Circulars distributed by the Plan representatives on April 21, 1937, the day before an election in which the entire number of Plan representatives were elected en bloc to act as bargaining agents for the employees for a period of sixty days, set forth information that was certainly not complete, correct though it may have been as far as it went. This circular, in part, stated the Plan "is no longer permitted because the management has been helping to pay the expense of it"; also, "It is necessary for us to form a New Plan or to have none at all." Further, employee Mileski testified that Schmidt, one of the Plan representatives, said: "We are forming a union, and since they have passed the Wagner Labor Act we want to keep out an outside organization" and that if an outside organization came in "We would lose our sick benefits and our vacations, and all our benefits we got from the Company." While these statements are not binding on the Company, they are important as tending to show the reactions to, and the interpretation of, Meese's speech by the employees.

It was not unreasonable for the Board to conclude, and we think the evidence reasonably supports the conclusion, that the employees were not "freed of the respondent's (Company's) domination of the Plan." In view of the Company's former active domination of the Plan, there is sound reason to believe the employees would consider that the "new Plan" had the hearty approval of the Company.

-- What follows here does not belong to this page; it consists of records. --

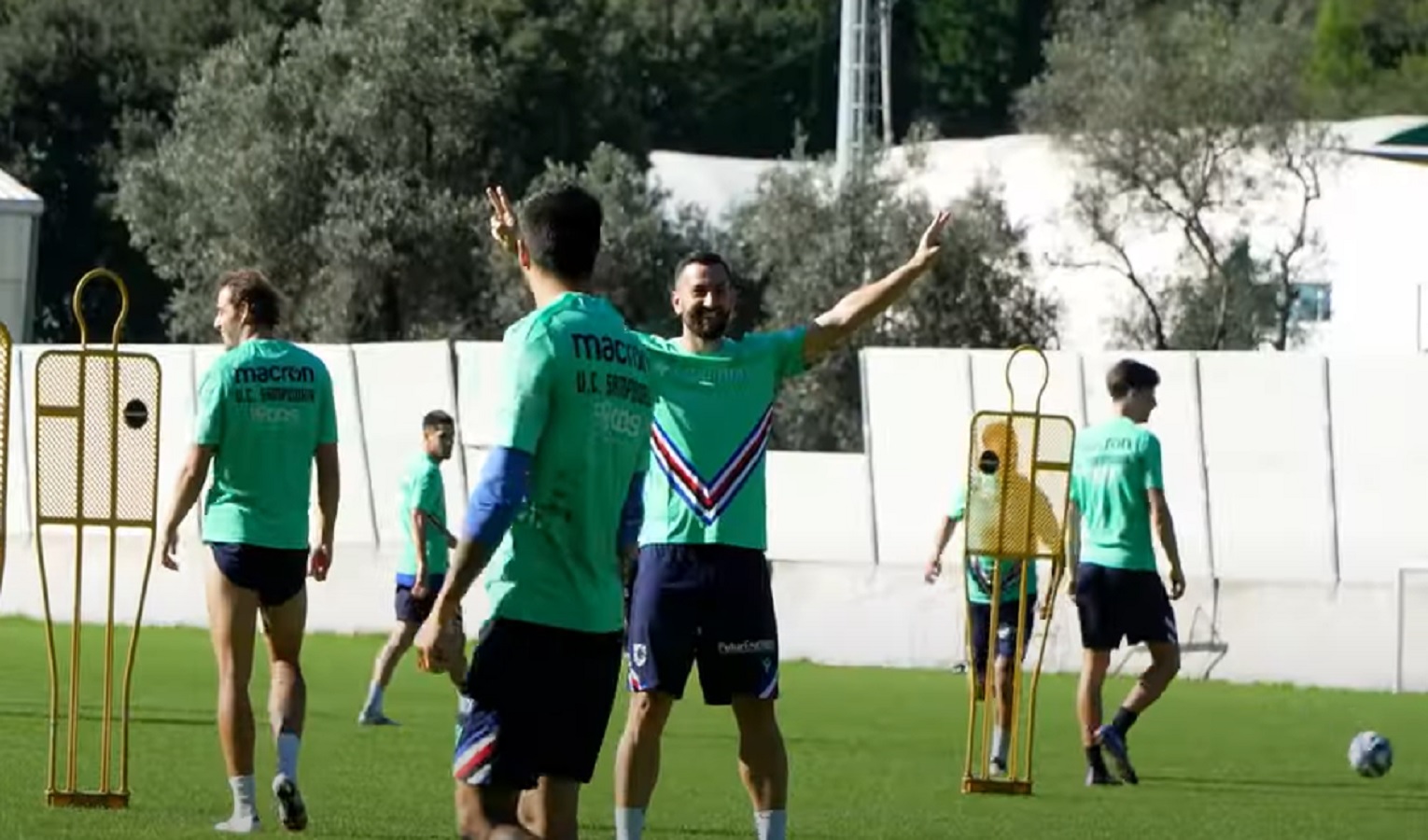 Un calciatore sorridente a un allenamento della Sampdoria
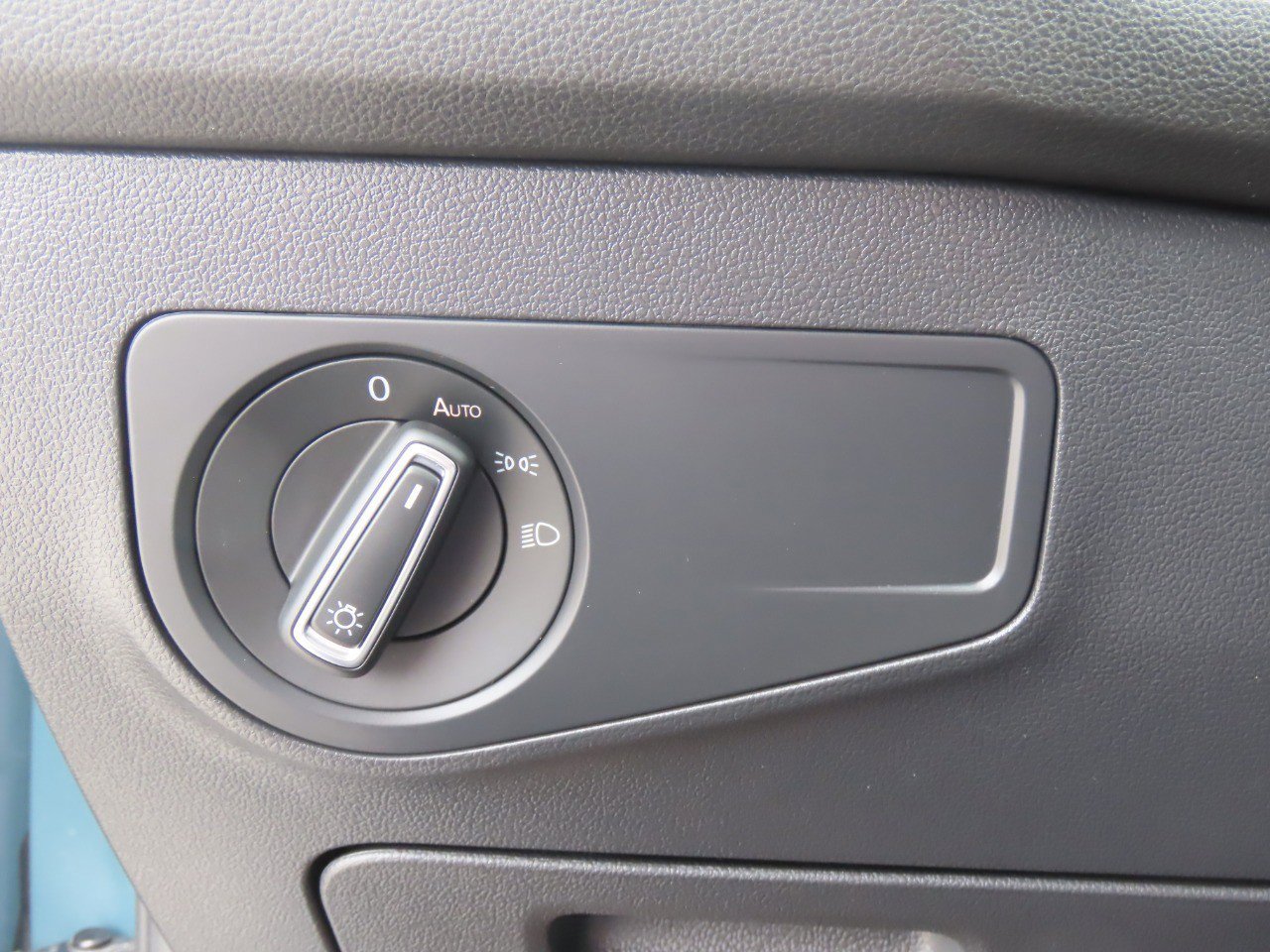Used 2021 Volkswagen Tiguan SE w/ Panoramic Sunroof Package FWD image 25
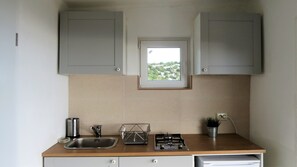 Fridge, coffee/tea maker, electric kettle, cookware/dishes/utensils - Villa Kornati is romantic stone house with stunning view on Kornati islands. (Tkon)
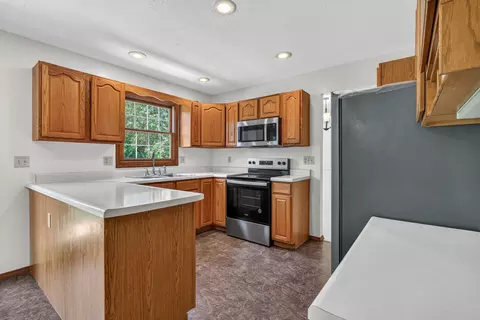 Kitchen - 1410 Boyne Ct, Normal, IL 61761 photo 1 of 4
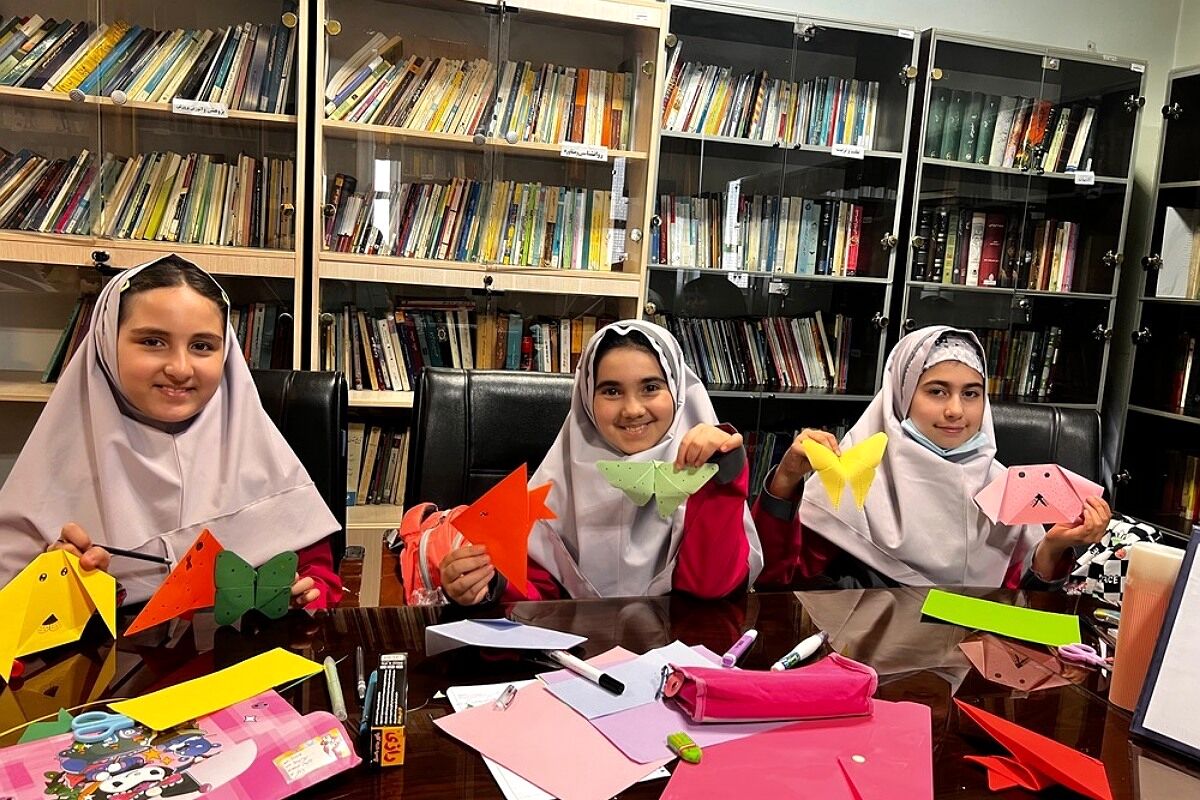 کارگاه «خلاقیت و شادی با اوریگامی» در پژوهش‌سرای دانش‌آموزی کاوش کهریزک 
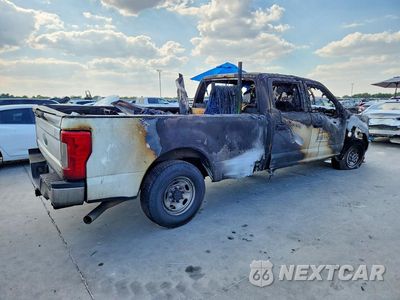 Trzecie zdjęcie samochodu z tyłu: 2017 FORD F250 SUPER DUTY VIN:1FT7W2A64HEF46004 - miniatura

The Board found that this brand of second hand notice "lacked the sanction and authority which attach to pronouncements of an employer concerning his employees." Half truths and partial notice are not sufficient to eradicate completely the effect of domination over a prior employee organization, nor do they indicate a complete abandonment of the old, and a distinct beginning of the new. N.L.R.B. v. Moore-Lowry Flour Mills Co., 10 Cir., 122 F.2d 419; N.L.R.B. v. Continental Oil Co., 10 Cir., 121 F.2d 120.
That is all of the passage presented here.